Au point que les opérations qui devaient prendre fin à 17 h (14 h GMT) ont été prolongées jusqu’à 20 h 30 (17 h 30 GMT), a annoncé le parti qui assure que des « millions d’électeurs » se sont dirigés vers ses 5 600 bureaux de vote dans toute la Turquie.
« Nous sommes venus soutenir notre maire. Nous sommes toujours avec lui », poursuit sa voisine, Kadriye Sevim, sous une tente dressée près de la municipalité d’Istanbul, haut lieu de la contestation depuis l’arrestation mercredi du maire de cette ville, le principal opposant au président Recep Tayyip Erdogan.
« Une grande injustice »
« En aucun cas, aucun pouvoir n’a le droit de faire cela à la jeunesse et au peuple turc. Nous nous opposerons jusqu’à la fin. Imamoglu sortira de là parce que c’est une grande injustice », martèle Kaan Peker, un ingénieur du son de 25 ans.
« Une fois qu’il sera sorti, nous le porterons, espérons-le, vers de plus hautes responsabilités », poursuit-il, évoquant ainsi la présidence.
Les mêmes foules déterminées se retrouvent de l’arrondissement branché de Kadikoy, sur la rive asiatique d’Istanbul, aux rues de Kasimpasa, un quartier populaire de la Corne d’or, où le président Erdogan a passé son enfance.
Surtout, les images se répètent d’un bout à l’autre du pays, d’Ankara la capitale, à Diyabarkir, la plus grande ville à être en majorité peuplée de Kurdes, dans le sud-est, et jusqu’en Thrace, dans l’extrême nord-ouest, traditionnellement kémaliste, près des frontières bulgare et grecque.
« Un monde fou »
« Nous avons tous voté, c’était comme une fête ! Les gens du CHP qui s’occupent des urnes disent qu’il y a un monde fou et surtout, beaucoup de gens d’autres partis », s’enthousiasme Sevil Dogrugüven, 51 ans, une employée du secteur privé à Edirne.

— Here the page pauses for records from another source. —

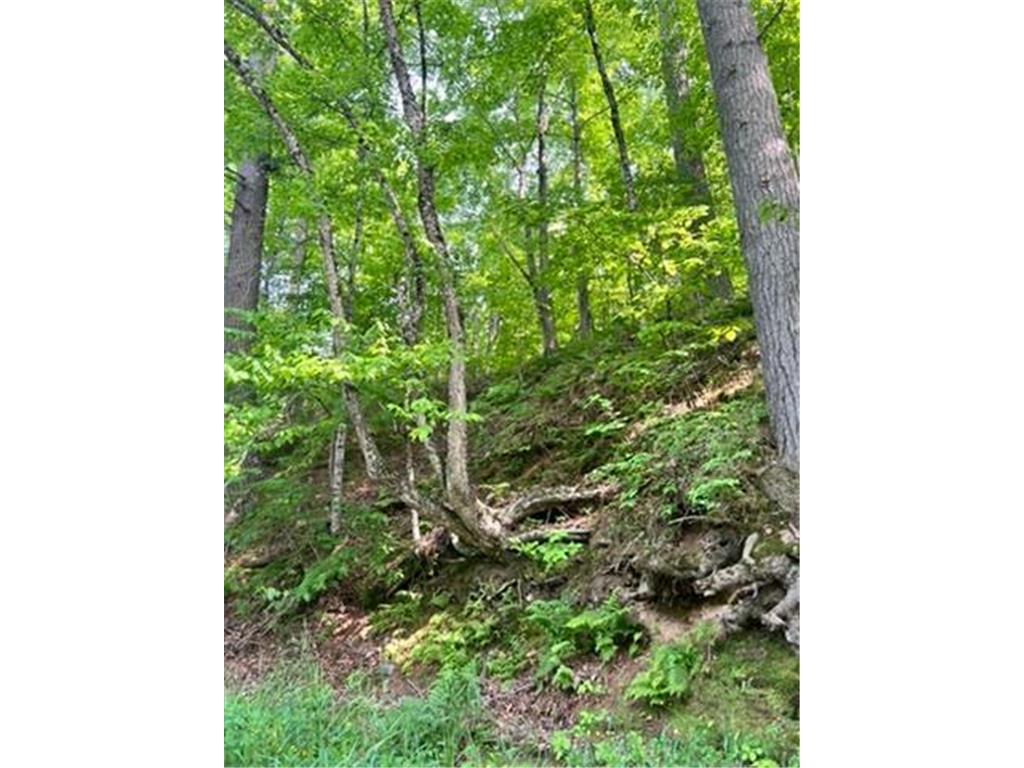 28xxx 89th Avenue Boyd WI 54726 - Yellow River 6733843 image3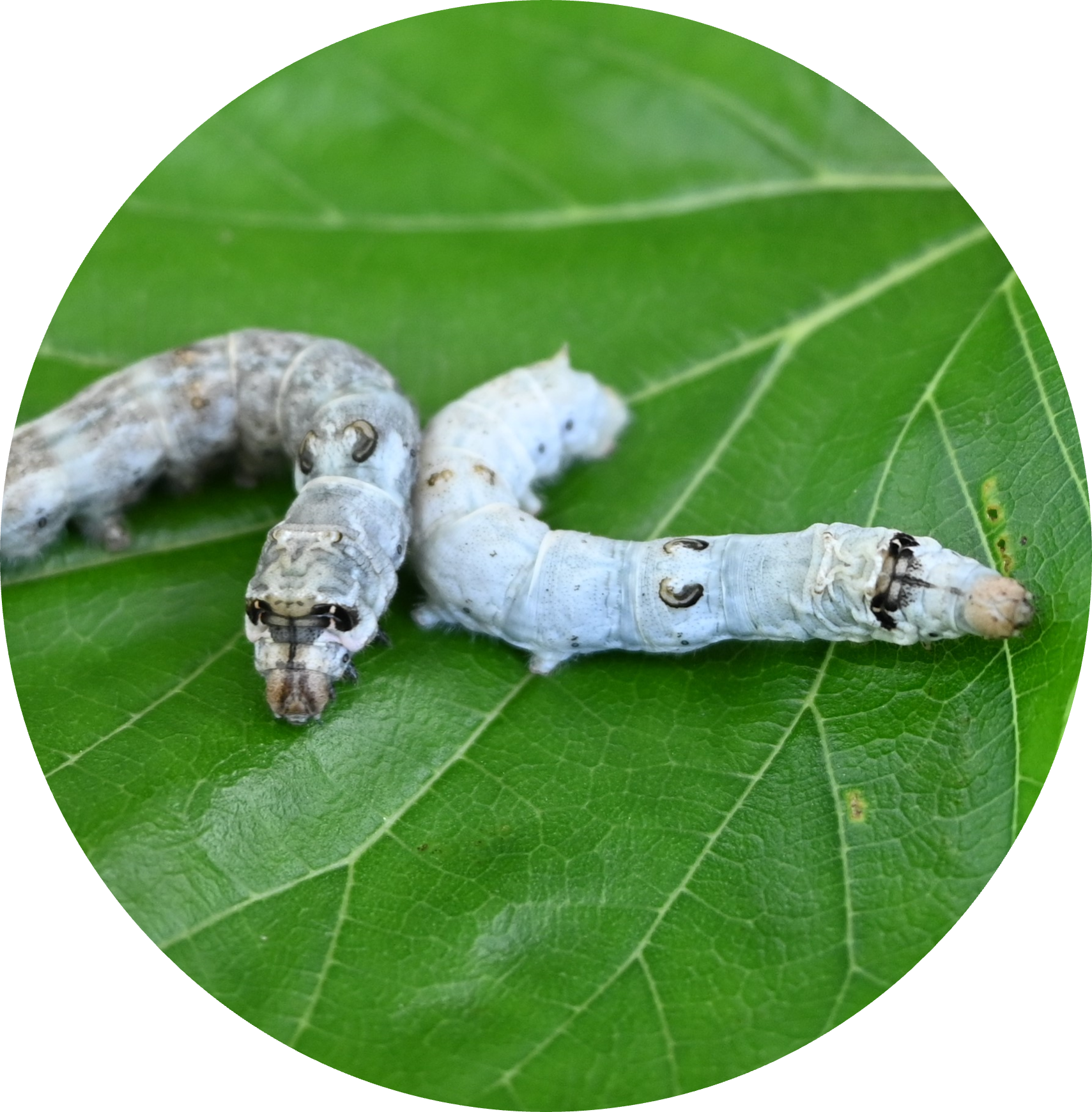 九州大学大学院農学研究院附属 遺伝子資源開発研究センター 家蚕遺伝子開発分野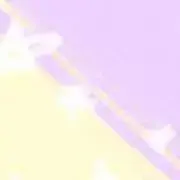 たまの画像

« Dans la campagne de Thrace, les gens se sont déplacés jusqu’aux mairies » pour voter, affirme-t-elle à l’AFP.
À Ankara, Nurcan Kabacioglu, une enseignante à la retraite de 57 ans, se veut combative : « Il n’y a pas de situation désespérée, que des gens découragés. Moi, je ne perds jamais espoir », assène-t-elle.
« On ne va pas se laisser aller au désespoir », abonde dans le même sens à Istanbul Aslihan. « C’est le premier mouvement de masse depuis les protestations de Gezi », une vague de contestation partie d’Istanbul qui avait balayé la Turquie pendant plusieurs semaine en 2013.
« Après Gezi, on a cédé au découragement. Mais après l’injustice commise aujourd’hui, je me sens plus forte et plus confiante. Je sens aussi que c’est notre dernière chance », lâche-t-elle.